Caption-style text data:

┌──

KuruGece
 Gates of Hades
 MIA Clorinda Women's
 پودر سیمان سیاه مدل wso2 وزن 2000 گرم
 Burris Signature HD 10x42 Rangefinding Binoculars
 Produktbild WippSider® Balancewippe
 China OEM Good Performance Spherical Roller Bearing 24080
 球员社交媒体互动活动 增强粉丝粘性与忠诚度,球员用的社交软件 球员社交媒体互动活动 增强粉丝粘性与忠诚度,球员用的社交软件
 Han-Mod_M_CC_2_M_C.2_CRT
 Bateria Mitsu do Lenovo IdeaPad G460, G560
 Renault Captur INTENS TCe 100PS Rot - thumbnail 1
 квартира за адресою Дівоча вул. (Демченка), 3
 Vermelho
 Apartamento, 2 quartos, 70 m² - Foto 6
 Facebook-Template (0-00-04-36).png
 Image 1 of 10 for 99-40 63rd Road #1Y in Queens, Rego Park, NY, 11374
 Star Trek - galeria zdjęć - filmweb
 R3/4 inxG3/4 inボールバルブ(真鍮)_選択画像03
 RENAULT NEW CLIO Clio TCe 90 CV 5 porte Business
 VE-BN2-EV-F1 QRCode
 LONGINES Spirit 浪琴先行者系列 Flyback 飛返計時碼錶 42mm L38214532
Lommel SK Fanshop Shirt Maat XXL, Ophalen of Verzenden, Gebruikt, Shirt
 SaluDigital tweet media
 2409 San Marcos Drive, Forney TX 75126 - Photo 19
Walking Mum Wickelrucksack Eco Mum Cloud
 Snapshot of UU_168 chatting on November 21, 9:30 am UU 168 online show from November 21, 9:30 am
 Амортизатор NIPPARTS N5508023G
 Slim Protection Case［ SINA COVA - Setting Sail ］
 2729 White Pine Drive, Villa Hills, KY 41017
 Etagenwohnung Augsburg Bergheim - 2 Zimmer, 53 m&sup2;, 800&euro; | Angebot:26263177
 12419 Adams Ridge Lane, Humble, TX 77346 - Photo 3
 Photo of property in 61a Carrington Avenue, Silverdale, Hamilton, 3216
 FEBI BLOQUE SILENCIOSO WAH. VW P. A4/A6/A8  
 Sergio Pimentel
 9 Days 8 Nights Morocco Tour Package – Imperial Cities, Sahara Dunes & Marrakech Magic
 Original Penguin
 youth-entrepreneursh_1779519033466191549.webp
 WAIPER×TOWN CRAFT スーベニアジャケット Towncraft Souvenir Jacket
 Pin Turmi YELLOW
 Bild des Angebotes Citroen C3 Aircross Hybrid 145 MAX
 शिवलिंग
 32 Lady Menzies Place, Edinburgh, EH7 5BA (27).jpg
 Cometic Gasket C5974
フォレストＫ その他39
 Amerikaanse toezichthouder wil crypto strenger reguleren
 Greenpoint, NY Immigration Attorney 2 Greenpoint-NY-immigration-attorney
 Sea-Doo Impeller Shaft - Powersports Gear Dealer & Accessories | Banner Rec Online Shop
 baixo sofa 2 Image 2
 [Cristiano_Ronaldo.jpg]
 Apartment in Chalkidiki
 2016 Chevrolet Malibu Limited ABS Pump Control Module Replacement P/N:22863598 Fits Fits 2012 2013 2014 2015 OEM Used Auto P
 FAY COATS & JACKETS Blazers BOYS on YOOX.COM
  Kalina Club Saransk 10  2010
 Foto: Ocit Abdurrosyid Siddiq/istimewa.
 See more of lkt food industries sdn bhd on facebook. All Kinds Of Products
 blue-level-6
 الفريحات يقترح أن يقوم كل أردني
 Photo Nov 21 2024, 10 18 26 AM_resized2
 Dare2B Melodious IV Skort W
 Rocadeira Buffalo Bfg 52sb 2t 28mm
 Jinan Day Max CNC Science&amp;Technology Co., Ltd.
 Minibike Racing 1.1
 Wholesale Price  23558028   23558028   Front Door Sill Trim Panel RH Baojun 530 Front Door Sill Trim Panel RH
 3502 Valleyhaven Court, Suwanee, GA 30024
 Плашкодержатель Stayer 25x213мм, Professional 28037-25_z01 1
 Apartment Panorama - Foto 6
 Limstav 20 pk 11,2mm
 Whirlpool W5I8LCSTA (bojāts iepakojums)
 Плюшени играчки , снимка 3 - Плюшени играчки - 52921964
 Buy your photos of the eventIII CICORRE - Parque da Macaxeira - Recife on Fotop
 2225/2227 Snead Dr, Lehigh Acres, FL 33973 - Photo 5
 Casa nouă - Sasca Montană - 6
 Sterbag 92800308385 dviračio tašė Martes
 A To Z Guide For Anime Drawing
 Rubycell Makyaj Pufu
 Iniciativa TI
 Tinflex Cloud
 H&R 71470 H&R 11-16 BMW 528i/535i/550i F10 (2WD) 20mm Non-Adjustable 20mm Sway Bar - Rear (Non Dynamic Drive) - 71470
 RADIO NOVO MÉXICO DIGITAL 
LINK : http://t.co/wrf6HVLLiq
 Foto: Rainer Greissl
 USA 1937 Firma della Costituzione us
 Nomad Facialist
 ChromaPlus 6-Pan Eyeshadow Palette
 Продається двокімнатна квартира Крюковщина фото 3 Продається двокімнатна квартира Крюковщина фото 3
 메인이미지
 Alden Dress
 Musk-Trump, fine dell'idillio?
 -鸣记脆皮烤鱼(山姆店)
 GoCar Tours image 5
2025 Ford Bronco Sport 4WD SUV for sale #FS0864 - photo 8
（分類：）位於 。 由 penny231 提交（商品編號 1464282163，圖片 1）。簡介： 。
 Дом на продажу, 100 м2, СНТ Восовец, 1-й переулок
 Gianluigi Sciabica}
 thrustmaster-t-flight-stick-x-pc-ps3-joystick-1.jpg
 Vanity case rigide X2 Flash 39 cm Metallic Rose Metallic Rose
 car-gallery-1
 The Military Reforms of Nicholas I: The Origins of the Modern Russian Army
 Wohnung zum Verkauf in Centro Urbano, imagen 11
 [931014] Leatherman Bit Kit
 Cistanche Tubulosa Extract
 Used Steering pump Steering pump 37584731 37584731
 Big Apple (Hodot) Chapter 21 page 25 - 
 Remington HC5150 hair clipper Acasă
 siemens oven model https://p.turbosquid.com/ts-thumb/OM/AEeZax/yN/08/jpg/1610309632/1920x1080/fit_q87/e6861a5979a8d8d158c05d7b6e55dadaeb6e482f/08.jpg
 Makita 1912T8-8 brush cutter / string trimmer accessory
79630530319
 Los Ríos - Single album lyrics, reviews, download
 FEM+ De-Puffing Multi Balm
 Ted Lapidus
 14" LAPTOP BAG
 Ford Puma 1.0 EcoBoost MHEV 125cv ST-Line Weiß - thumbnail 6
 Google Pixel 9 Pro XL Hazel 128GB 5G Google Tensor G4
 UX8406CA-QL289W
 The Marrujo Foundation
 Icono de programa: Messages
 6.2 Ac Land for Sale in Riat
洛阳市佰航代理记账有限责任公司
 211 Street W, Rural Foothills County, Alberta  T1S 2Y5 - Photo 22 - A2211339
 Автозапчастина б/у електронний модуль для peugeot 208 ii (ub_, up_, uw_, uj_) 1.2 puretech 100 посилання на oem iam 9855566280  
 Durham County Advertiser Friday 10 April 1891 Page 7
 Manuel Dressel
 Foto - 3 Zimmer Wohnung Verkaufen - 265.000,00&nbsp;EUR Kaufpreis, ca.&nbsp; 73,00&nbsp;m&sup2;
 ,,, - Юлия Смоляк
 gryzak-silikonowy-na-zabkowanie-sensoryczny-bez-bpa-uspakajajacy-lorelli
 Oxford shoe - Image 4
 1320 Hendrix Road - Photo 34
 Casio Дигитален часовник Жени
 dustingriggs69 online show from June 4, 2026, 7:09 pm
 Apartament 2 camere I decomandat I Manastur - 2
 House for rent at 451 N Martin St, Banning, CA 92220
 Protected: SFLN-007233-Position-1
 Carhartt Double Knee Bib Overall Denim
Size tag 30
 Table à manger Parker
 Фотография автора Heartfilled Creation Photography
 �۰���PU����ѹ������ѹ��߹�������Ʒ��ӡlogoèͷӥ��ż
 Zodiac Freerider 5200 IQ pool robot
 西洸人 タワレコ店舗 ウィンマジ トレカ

└──

Could you reproduce, exactly, every line above from the line with "-鸣记脆皮烤鱼(山姆店)" to the line with "Ford Puma 1.0", and no other line? Both ends count.

Response to the task:
 -鸣记脆皮烤鱼(山姆店)
 GoCar Tours image 5
2025 Ford Bronco Sport 4WD SUV for sale #FS0864 - photo 8
（分類：）位於 。 由 penny231 提交（商品編號 1464282163，圖片 1）。簡介： 。
 Дом на продажу, 100 м2, СНТ Восовец, 1-й переулок
 Gianluigi Sciabica}
 thrustmaster-t-flight-stick-x-pc-ps3-joystick-1.jpg
 Vanity case rigide X2 Flash 39 cm Metallic Rose Metallic Rose
 car-gallery-1
 The Military Reforms of Nicholas I: The Origins of the Modern Russian Army
 Wohnung zum Verkauf in Centro Urbano, imagen 11
 [931014] Leatherman Bit Kit
 Cistanche Tubulosa Extract
 Used Steering pump Steering pump 37584731 37584731
 Big Apple (Hodot) Chapter 21 page 25 - 
 Remington HC5150 hair clipper Acasă
 siemens oven model https://p.turbosquid.com/ts-thumb/OM/AEeZax/yN/08/jpg/1610309632/1920x1080/fit_q87/e6861a5979a8d8d158c05d7b6e55dadaeb6e482f/08.jpg
 Makita 1912T8-8 brush cutter / string trimmer accessory
79630530319
 Los Ríos - Single album lyrics, reviews, download
 FEM+ De-Puffing Multi Balm
 Ted Lapidus
 14" LAPTOP BAG
 Ford Puma 1.0 EcoBoost MHEV 125cv ST-Line Weiß - thumbnail 6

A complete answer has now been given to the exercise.